Helen: Welcome to Health Literacy Out Loud. I’m Helen Osborne, President of Health Literacy Consulting, founder of Health Literacy Month and your host of Health Literacy Out Loud.
In these podcasts, you get to listen in on my conversations with some really remarkable people, hearing what health literacy is, why it matters and ways every one of us can help improve health understanding.
Today, I’m talking with Dr. Dean Schillinger, who is a practicing primary care physician, Professor of Medicine in Residence at the University of California San Francisco and Chief of the UCSF Division of General Internal Medicine at San Francisco General Hospital.

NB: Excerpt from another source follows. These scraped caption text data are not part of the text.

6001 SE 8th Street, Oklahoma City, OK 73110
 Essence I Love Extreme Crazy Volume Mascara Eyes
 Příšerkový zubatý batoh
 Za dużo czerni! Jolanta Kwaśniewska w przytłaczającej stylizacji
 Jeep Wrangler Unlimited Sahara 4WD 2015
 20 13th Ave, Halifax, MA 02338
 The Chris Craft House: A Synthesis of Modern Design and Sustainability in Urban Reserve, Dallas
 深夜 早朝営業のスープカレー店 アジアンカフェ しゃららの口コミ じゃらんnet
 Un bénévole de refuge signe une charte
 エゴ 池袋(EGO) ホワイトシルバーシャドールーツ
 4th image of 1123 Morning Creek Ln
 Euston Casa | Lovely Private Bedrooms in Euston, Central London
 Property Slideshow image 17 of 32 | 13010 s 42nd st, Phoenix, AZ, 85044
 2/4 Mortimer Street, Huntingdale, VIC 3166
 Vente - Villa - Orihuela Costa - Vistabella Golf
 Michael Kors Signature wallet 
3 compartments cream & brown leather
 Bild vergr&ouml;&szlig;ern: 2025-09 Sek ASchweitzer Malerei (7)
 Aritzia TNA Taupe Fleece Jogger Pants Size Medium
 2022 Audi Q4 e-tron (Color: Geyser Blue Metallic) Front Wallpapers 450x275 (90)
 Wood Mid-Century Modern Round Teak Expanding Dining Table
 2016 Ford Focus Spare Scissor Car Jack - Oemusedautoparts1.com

Dean Schillinger also directs UCSF’s research program about health communication with vulnerable populations. He has authored over 200 publications about this work.
Dr. Schillinger also recently co-founded a novel public health campaign called “The Bigger Picture.” This campaign harnesses the voice of young people to help change the social and environmental conditions leading to the epidemic of diabetes in minority youth.
I’ve known and valued Dean Schillinger’s work for many years, starting with his teaching about teach-back. I am delighted he again agreed to be a guest on Health Literacy Out Loud.
Welcome, Dean.
Dean Schillinger: Thank you, Helen. Thank you for your leadership in this topic and for helping us to disseminate important information to our stakeholders.
Helen: Thanks. We’re all in it together, we’ve been in it together, and we’re all doing different pieces of the puzzle.
I learned about teach-back from you, and I’m very sincere about that. Teach-back has become quite the buzzword these days.
In 2003, I interviewed you for a column I was writing. The title was “Opening the Interactive Communication Loop.” I learned so much from you about teach-back. Let’s update that as it was quite a while ago.
Dean Schillinger: It was more than 10 years ago. What’s interesting is that I give talks about health literacy and teach-back is part of it. At every talk, I ask people to raise their hand if they know what the teach-back method is. I’ve seen a consistent and gradual increase in the number of hands that go up. It would be about 1% of the room and then 3% of the room.
These are health literacy conferences where we’re already preaching to the choir, if you will. We’re at about 25% to 40% now where people are raising their hand.
Raising your hand doesn’t mean that you do it, but at least you know what it is and you may even know how to do it. I think we’re making some progress.
Helen: I hear about it too. I give a lot of workshops and everybody wants to know about teach-back. It’s the most recommended strategy of what to do. I’m wondering if we’re all talking about the same thing.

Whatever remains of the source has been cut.